Bibbs v. Toyota Motor Corp.

Decision Date18 June 2018
Docket NumberS18Q0075
Citation815 S.E.2d 850,304 Ga. 68
CourtGeorgia Supreme Court
Parties BIBBS et al. v. TOYOTA MOTOR CORPORATION et al.

Barnes Law Group, Roy E. Barnes, John R. Bevis, John R. Bartholomew IV ; Cheeley Law, Robert D. Cheeley, Keith A. Pittman ; Fryer, Shuster & Lester, Keith E. Fryer ; Thomas A. Eaton, for appellants.
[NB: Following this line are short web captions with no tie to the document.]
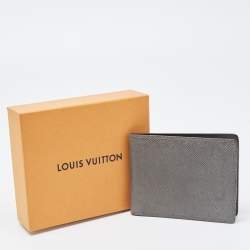 Louis Vuitton Grey Taiga Leather Bifold Wallet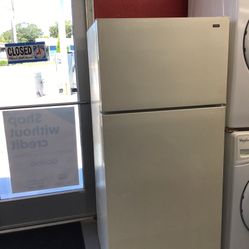 Hotpoint 18 Cu Ft Top And Bottom Fridge. 1 year Warranty 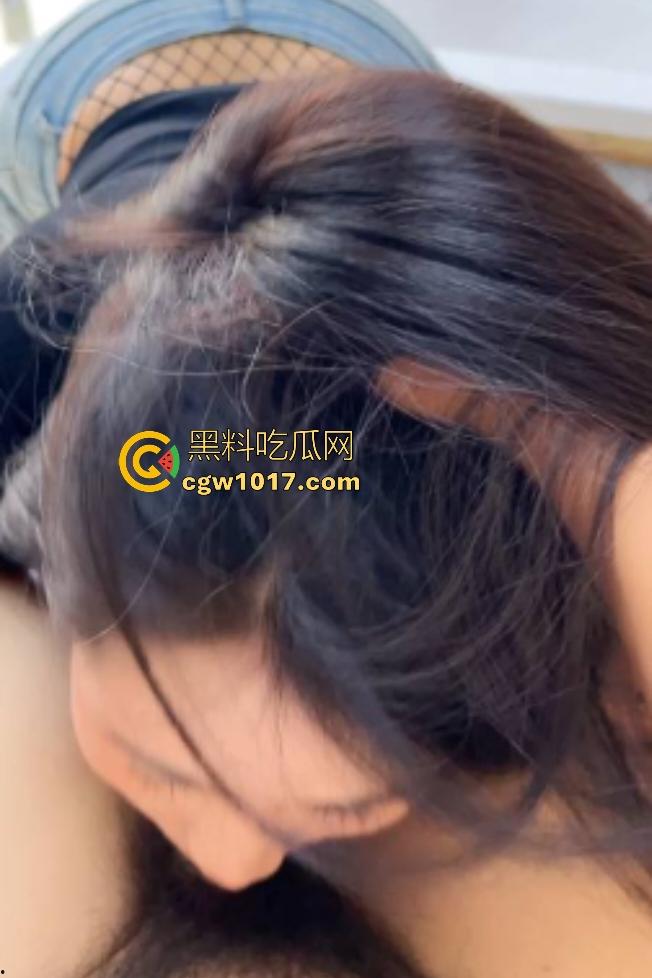 海角大神约炮渔网人妻！脱裤就见渔网袜，欠操母狗撅屁股戴钻石肛塞没热身直接操，吃牛肉长大的肥臀真Q弹！  第5张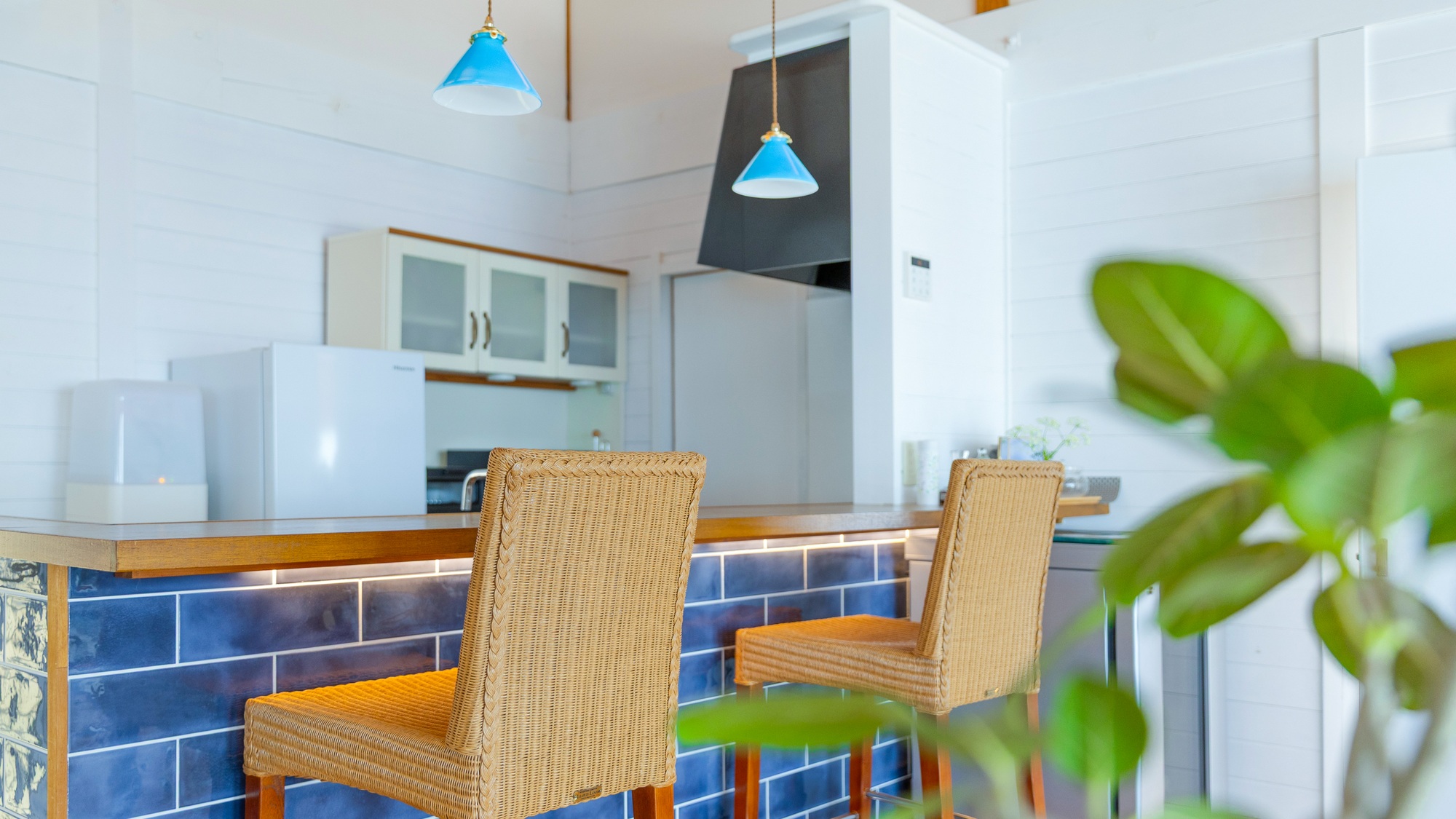 ・【カウンター】軽食やお酒を気軽に楽しめる、便利なキッチンカウンターです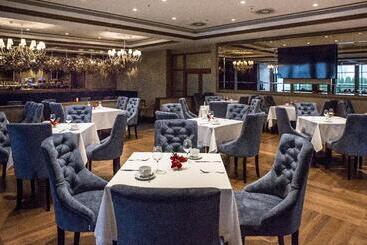Vilnius Park Plaza Hotel, Restaurant & Terrace, Panorama Bar, Conference & Banquet Center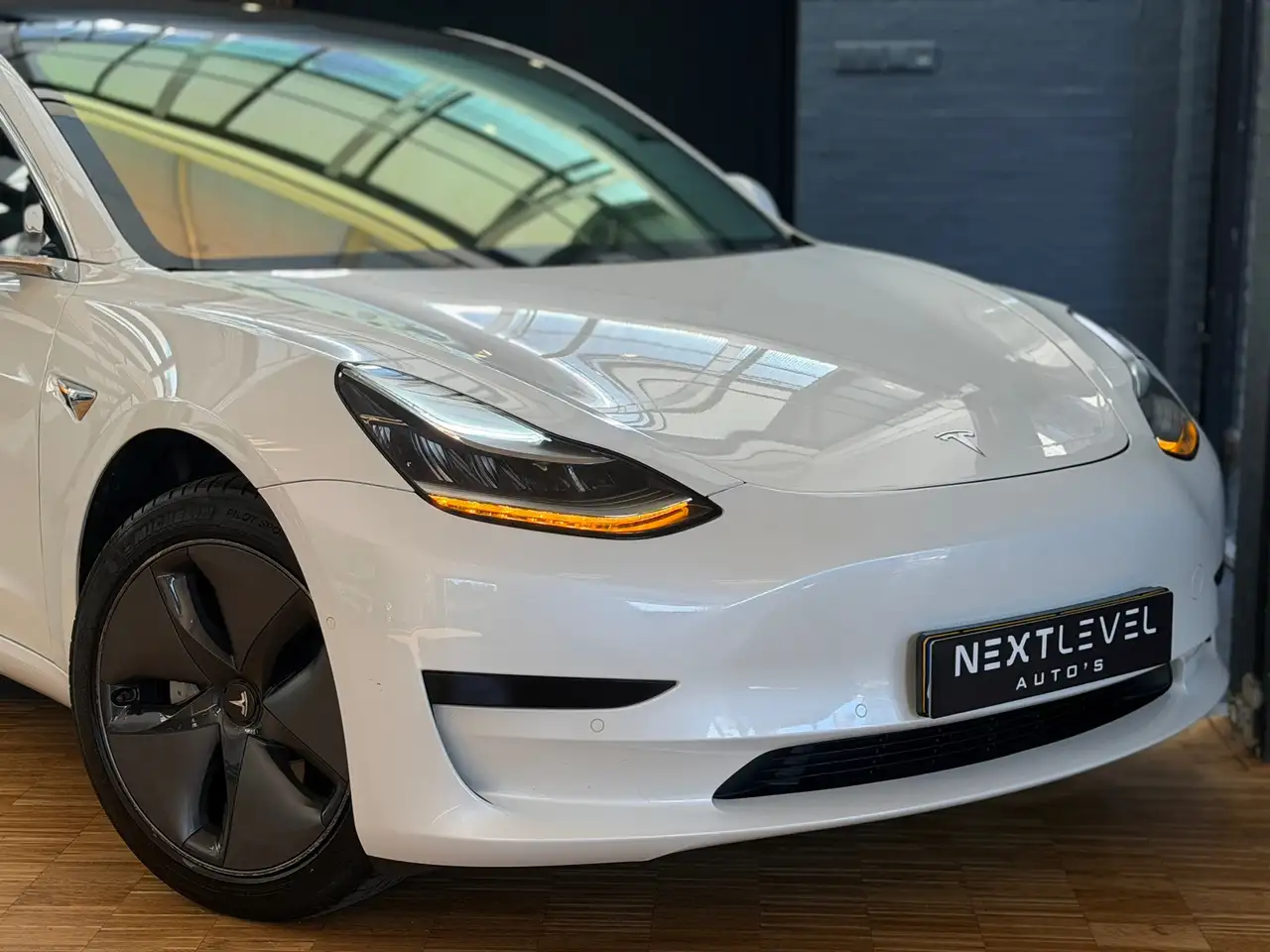Tesla Model 3 Standard Plus 60 kWh 238ch - Autonomie 370km - Led - Jantes 18"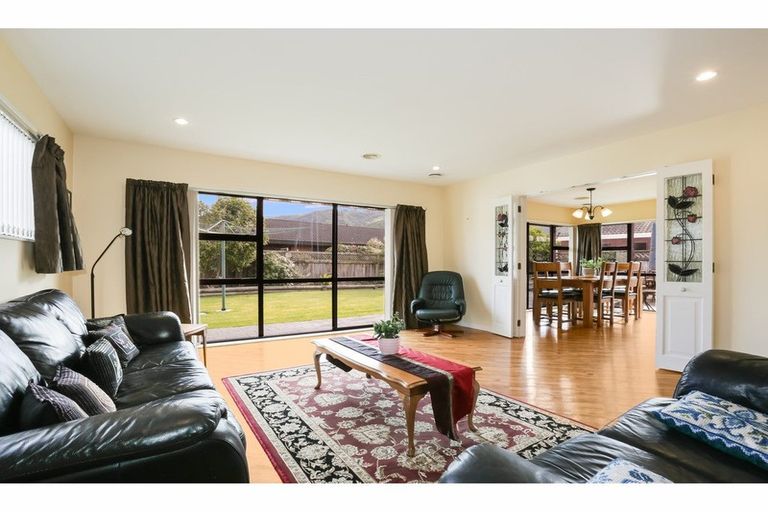 Photo of property in 9 Clearwater Terrace, Brown Owl, Upper Hutt, 5018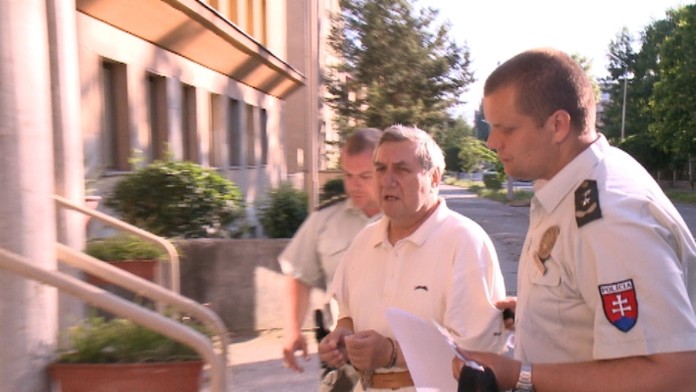 Za tmy vyšiel 63-ročný Dušan zo súdu voľný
Rutherford & Christie, Carrie L. Christie, Robert H. Burke ; Bondurant, Mixson & Elmore, Frank M. Lowrey IV, Amanda K. S. Bersinger ; Bowman and Brooke, Joel H. Smith, Richard H. Willis, Ashleigh R. Wilson, for appellees.

Blackwell, Justice.

In this wrongful death lawsuit, the United States District Court for the Northern District of Georgia has certified two questions to this Court:

Under Georgia law, are the damages that may be recovered in a wrongful death action brought by survivors of a decedent limited by a settlement entered into by the decedent’s guardian in a previous personal injury suit settling all claims that were or could have been asserted in that suit?
If the answer is yes, what components of wrongful death damages are barred?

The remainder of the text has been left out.